BEGIN Provided material
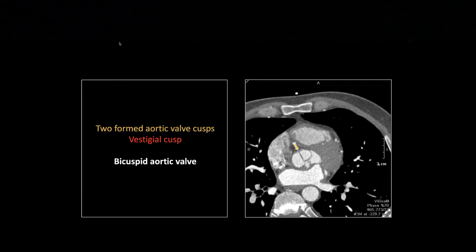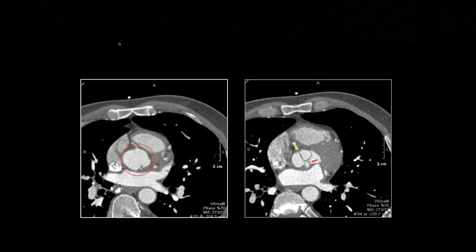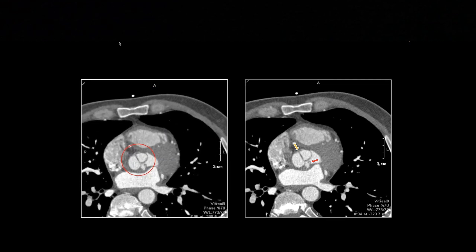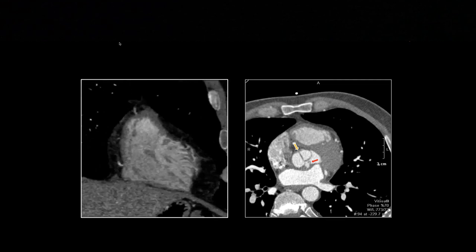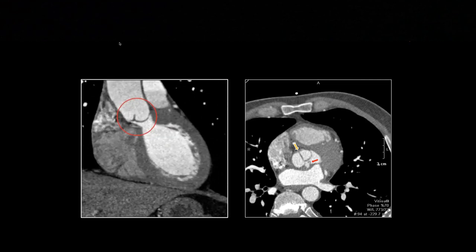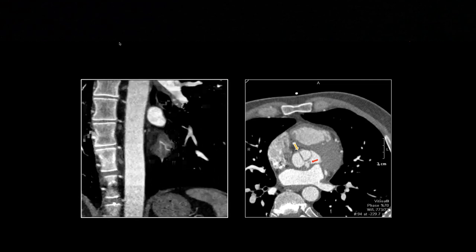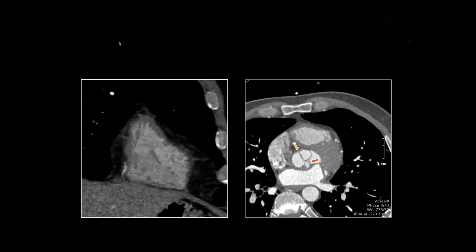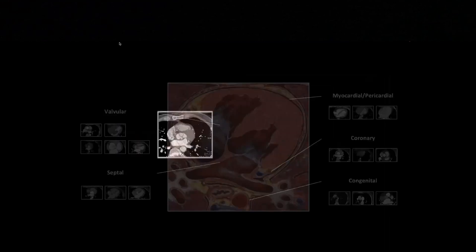This is just a bicuspid aortic valve. You can see the abnormal configuration — two relatively normal cusps, but one little vestigial cusp. That's common. Oftentimes the third cusp isn't completely absent; you'll see a hypoplastic vestige of what should have been the third cusp. These folks are at risk for coarctation and other congenital anomalies. The two dominant cusps are coapting fairly normally, and then there's that one little vestige. That is a bicuspid aortic valve.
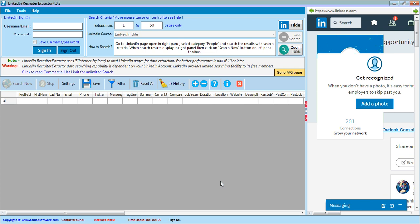The objective of this presentation is to show how to use LinkedIn Recruiter Extractor. LinkedIn Recruiter Extractor extracts data from the LinkedIn site as well as the LinkedIn Recruiter site. First of all, you have to sign in to LinkedIn with your username and password. If you want to save your username and password, you have to check this option — credentials are saved in an encrypted state.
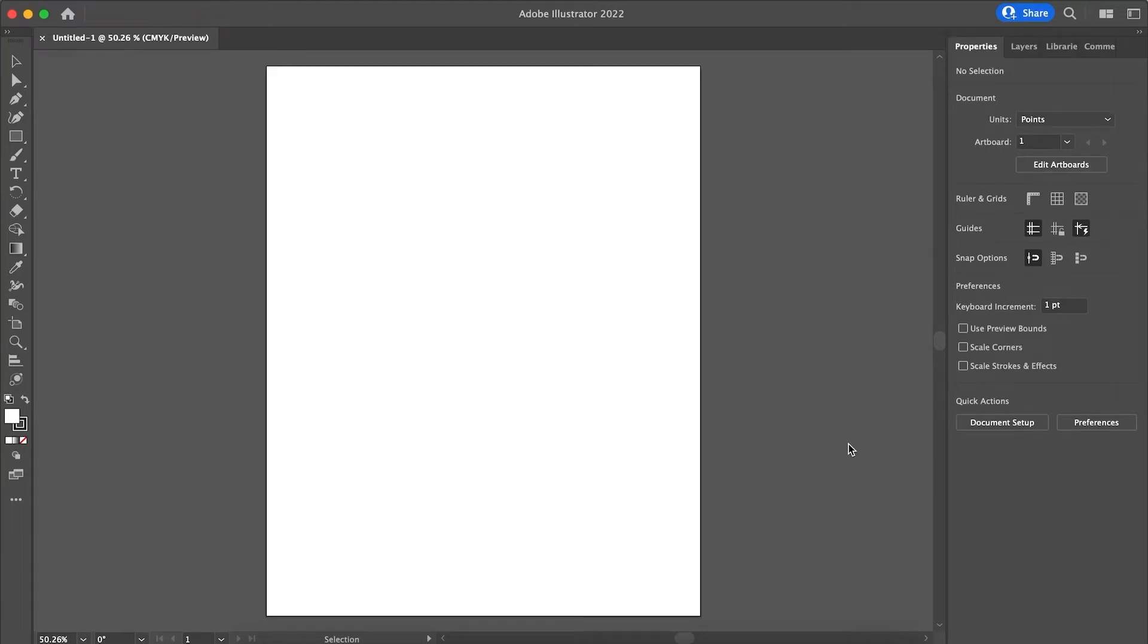Hey, welcome back to 8482 Media. Today I'm going to be showing you how to use the width tool.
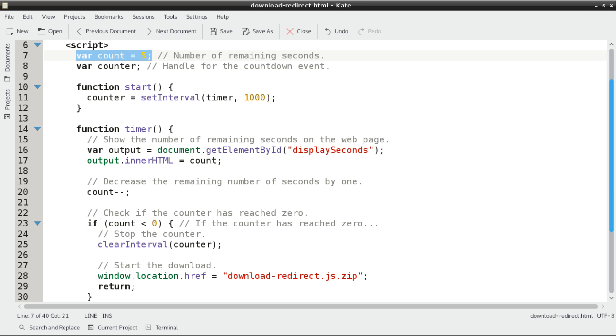In the JavaScript in our head, we're going to have a couple of variables. First one called count. We're going to assign it the number five, and this is going to be the number of seconds that will be remaining on the clock. Then we have another variable called counter. This acts as a handle for the event of the clock counting down.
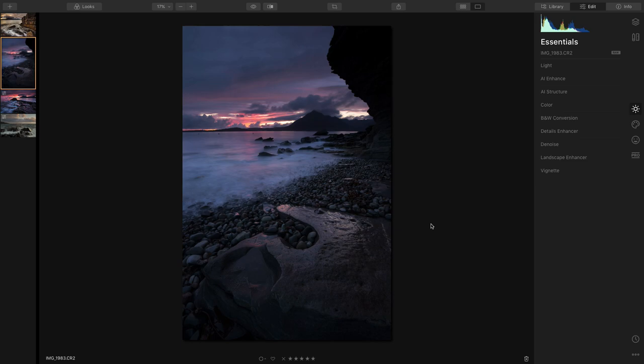Good afternoon everybody, and welcome back to another Luminar 4 video. Today I'm going to be editing this photograph taken on Elgol from the Isle of Skye. I'm going to use the AI Enhance first to enhance the photo and then finish off editing it.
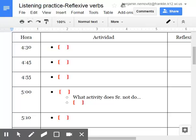Me he vestido rápidamente en un conjunto de ropa fantástico. A las cinco y veinticinco, yo no me afeito. Es que yo tengo una barba muy grande.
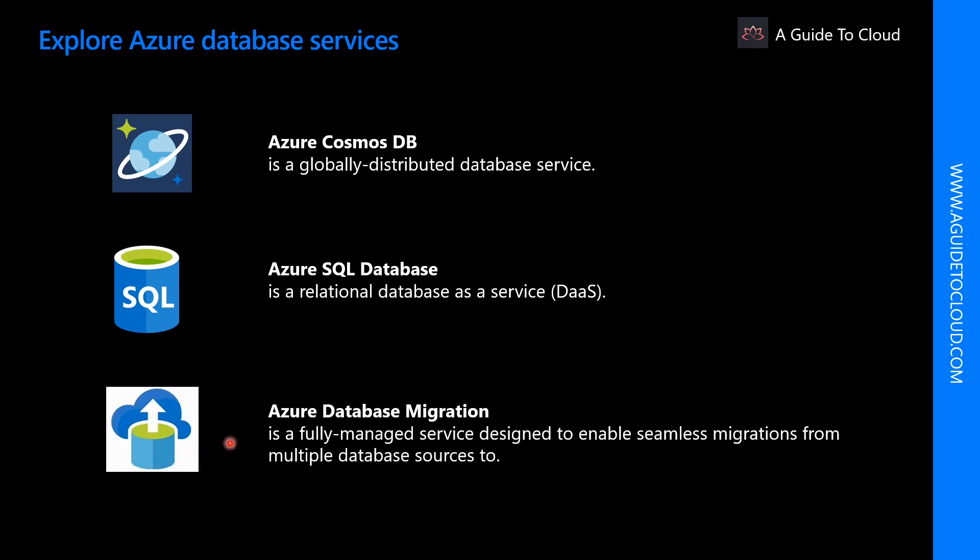The Azure Database Migration Service is a fully managed service designed to enable seamless migrations from multiple database sources to Azure data platforms with minimal downtime. The service uses the Microsoft Data Migration Assistant to generate assessment reports that provide recommendations.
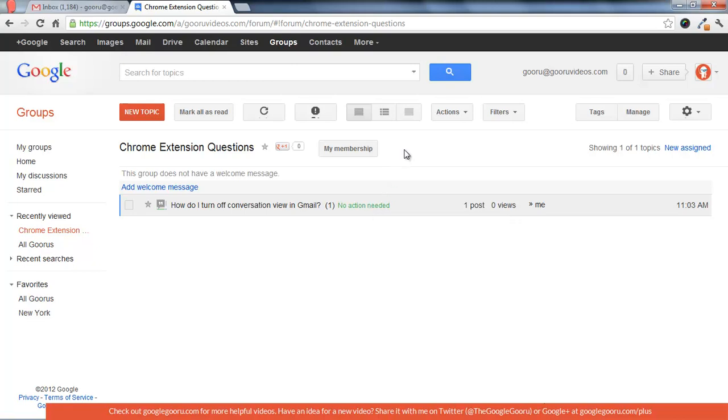So this is something that people have been asking for for a long time. I think it's a great part of the new Google Groups update, and I think you'll find it very useful.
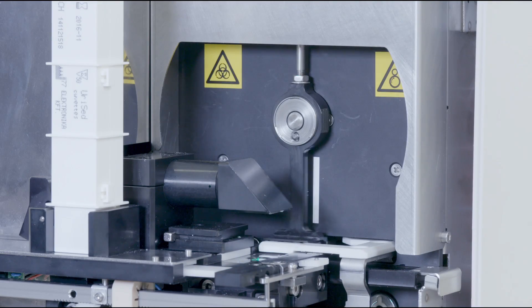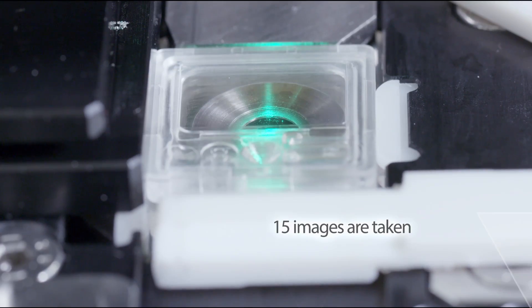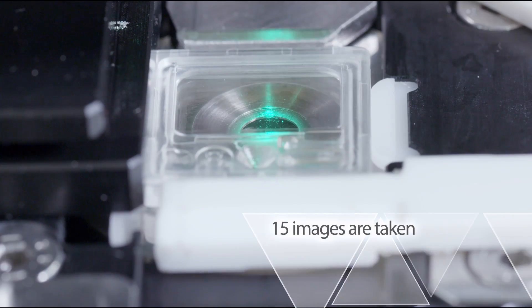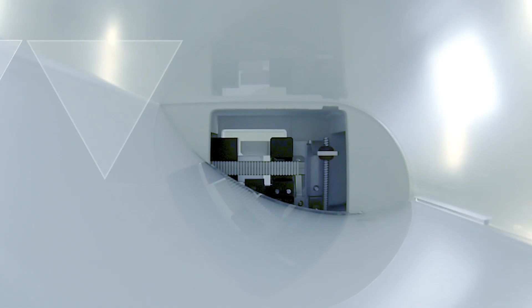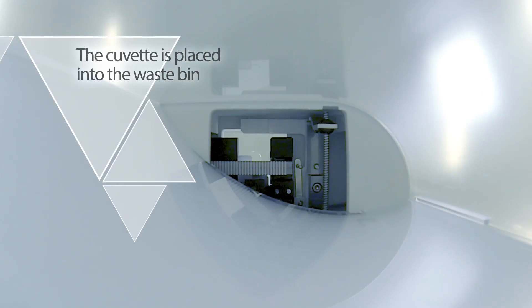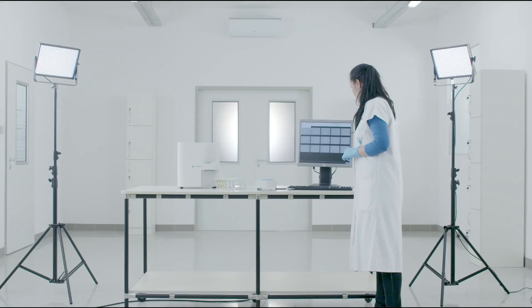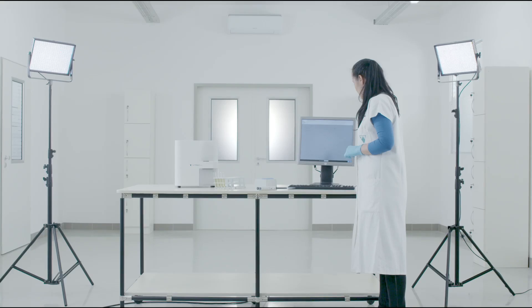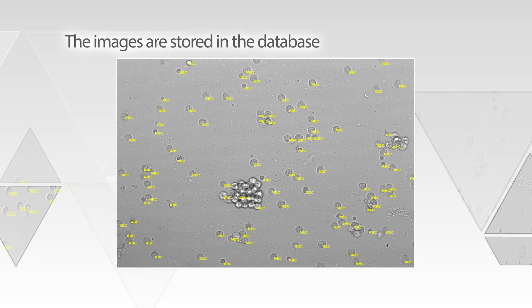The HPF-like images are automatically evaluated by a neural network-based algorithm. After the measurement process is finished, the used cuvette is placed into the waste bin. The images are stored in the database and are available in the gallery.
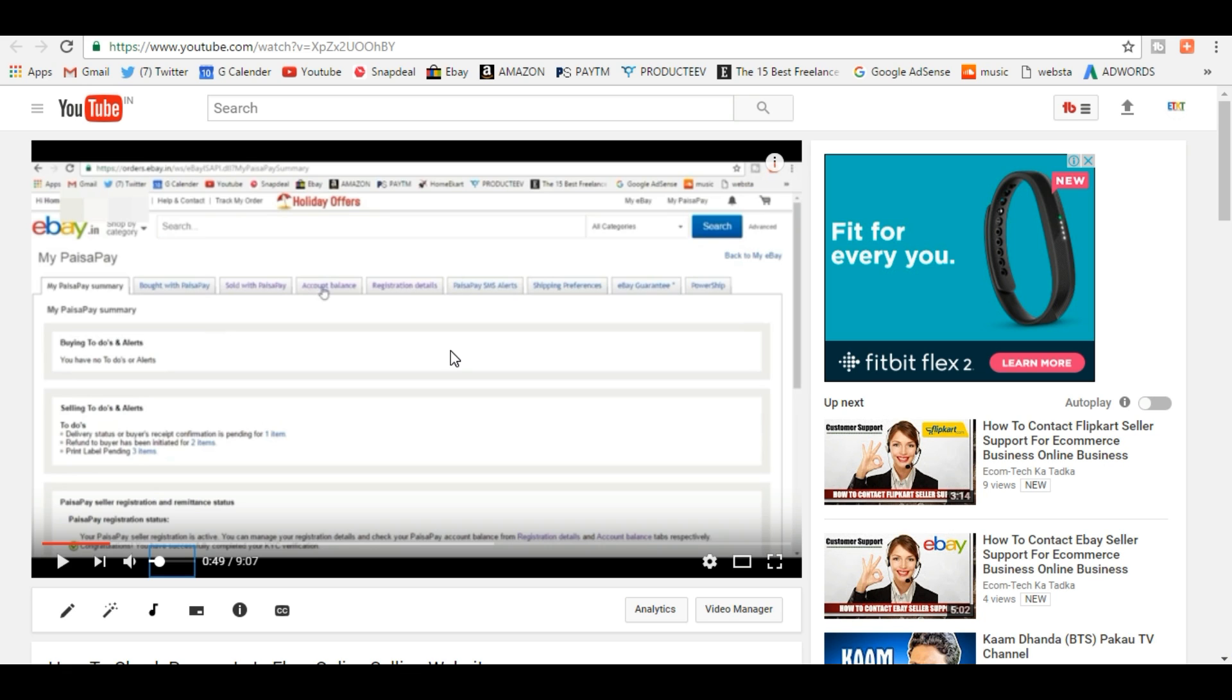If you have liked this video, please subscribe to the channel and like the video. If you think something is missed out, please write in the comment box and I'll get back to you. Thank you, guys. Have a nice day.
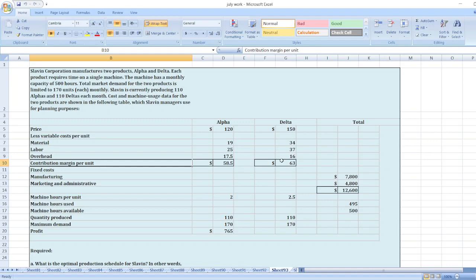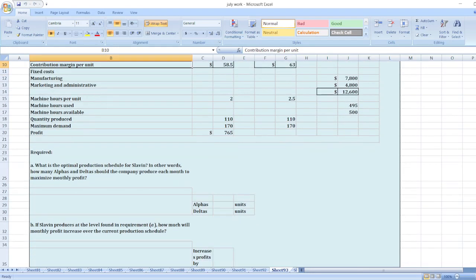And here other data is given. First of all, what is the optimal production schedule for Slevin? In other words, how many Alphas and Deltas should the company produce each month to maximize monthly profit?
END Provided material
What this task involves: Leave out the pictures and reproduce the rest of the records exactly.

Expected answer:
This is just a bicuspid aortic valve. You can see the abnormal configuration — two relatively normal cusps, but one little vestigial cusp. That's common. Oftentimes the third cusp isn't completely absent; you'll see a hypoplastic vestige of what should have been the third cusp. These folks are at risk for coarctation and other congenital anomalies. The two dominant cusps are coapting fairly normally, and then there's that one little vestige. That is a bicuspid aortic valve.
The objective of this presentation is to show how to use LinkedIn Recruiter Extractor. LinkedIn Recruiter Extractor extracts data from the LinkedIn site as well as the LinkedIn Recruiter site. First of all, you have to sign in to LinkedIn with your username and password. If you want to save your username and password, you have to check this option — credentials are saved in an encrypted state.
Hey, welcome back to 8482 Media. Today I'm going to be showing you how to use the width tool.
In the JavaScript in our head, we're going to have a couple of variables. First one called count. We're going to assign it the number five, and this is going to be the number of seconds that will be remaining on the clock. Then we have another variable called counter. This acts as a handle for the event of the clock counting down.
Good afternoon everybody, and welcome back to another Luminar 4 video. Today I'm going to be editing this photograph taken on Elgol from the Isle of Skye. I'm going to use the AI Enhance first to enhance the photo and then finish off editing it.
Me he vestido rápidamente en un conjunto de ropa fantástico. A las cinco y veinticinco, yo no me afeito. Es que yo tengo una barba muy grande.
The Azure Database Migration Service is a fully managed service designed to enable seamless migrations from multiple database sources to Azure data platforms with minimal downtime. The service uses the Microsoft Data Migration Assistant to generate assessment reports that provide recommendations.
So this is something that people have been asking for for a long time. I think it's a great part of the new Google Groups update, and I think you'll find it very useful.
The HPF-like images are automatically evaluated by a neural network-based algorithm. After the measurement process is finished, the used cuvette is placed into the waste bin. The images are stored in the database and are available in the gallery.
If you have liked this video, please subscribe to the channel and like the video. If you think something is missed out, please write in the comment box and I'll get back to you. Thank you, guys. Have a nice day.
And here other data is given. First of all, what is the optimal production schedule for Slevin? In other words, how many Alphas and Deltas should the company produce each month to maximize monthly profit?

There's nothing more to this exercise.